[[ LISTED RECORDS, beginning ]]
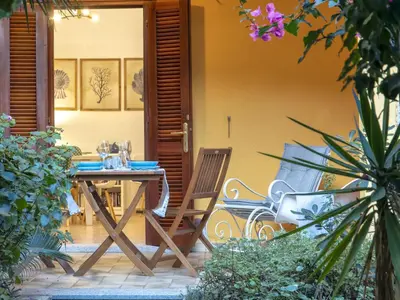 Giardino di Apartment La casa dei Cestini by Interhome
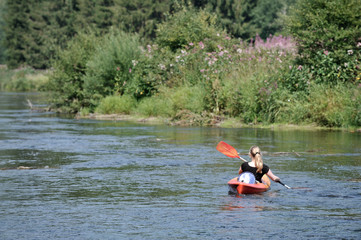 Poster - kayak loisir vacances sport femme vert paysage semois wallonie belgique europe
[[ LISTED RECORDS, end ]]
[[ LISTED RECORDS, beginning ]]
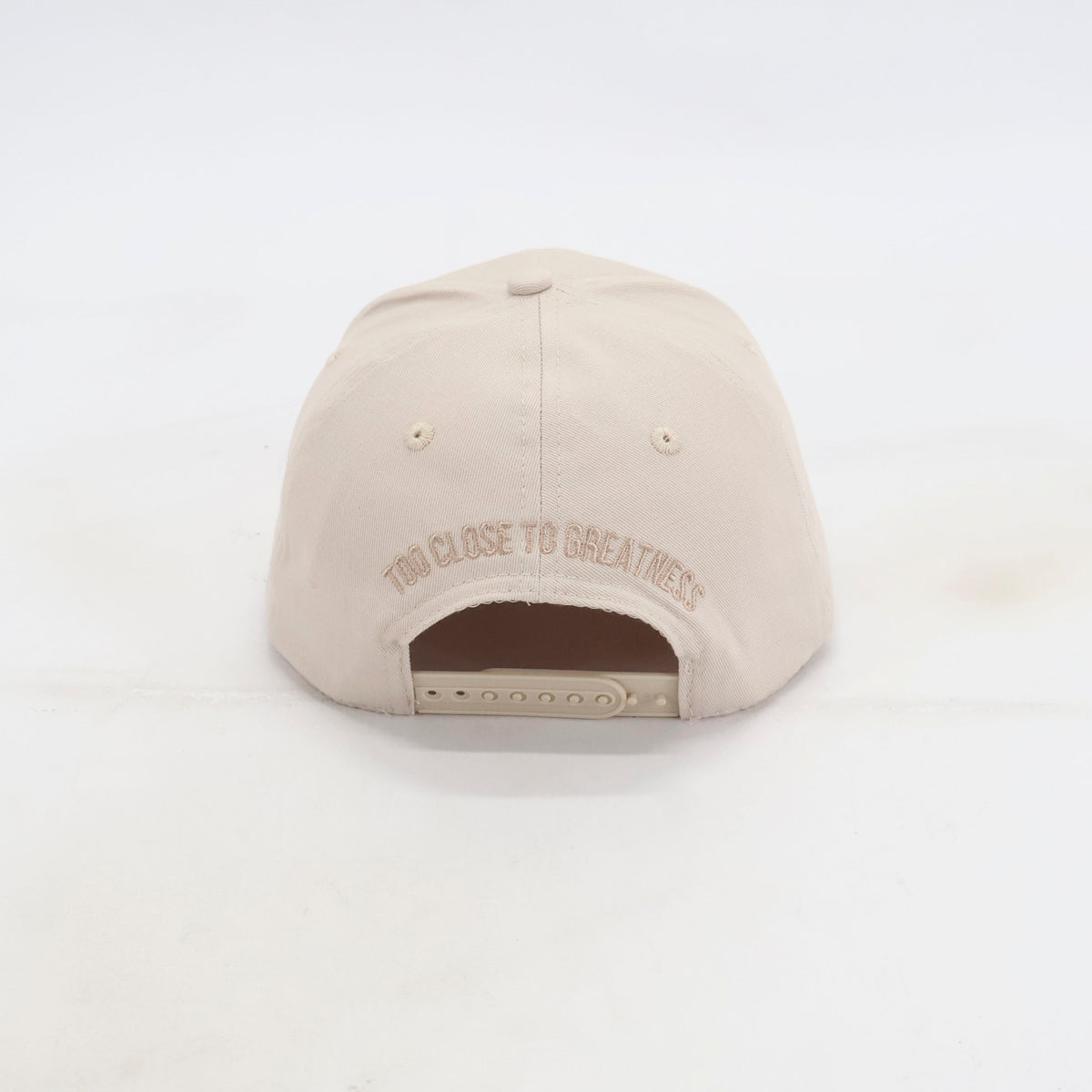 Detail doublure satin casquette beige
[[ LISTED RECORDS, end ]]
#### WHAT YOU NEED TO DO:
Find the line with "Giardino di Apartment" in the entries above. Set down exactly every line from it up to and including the line with "Poster - kayak", images excluded.

#### YOUR SOLUTION:
 Giardino di Apartment La casa dei Cestini by Interhome
 Poster - kayak loisir vacances sport femme vert paysage semois wallonie belgique europe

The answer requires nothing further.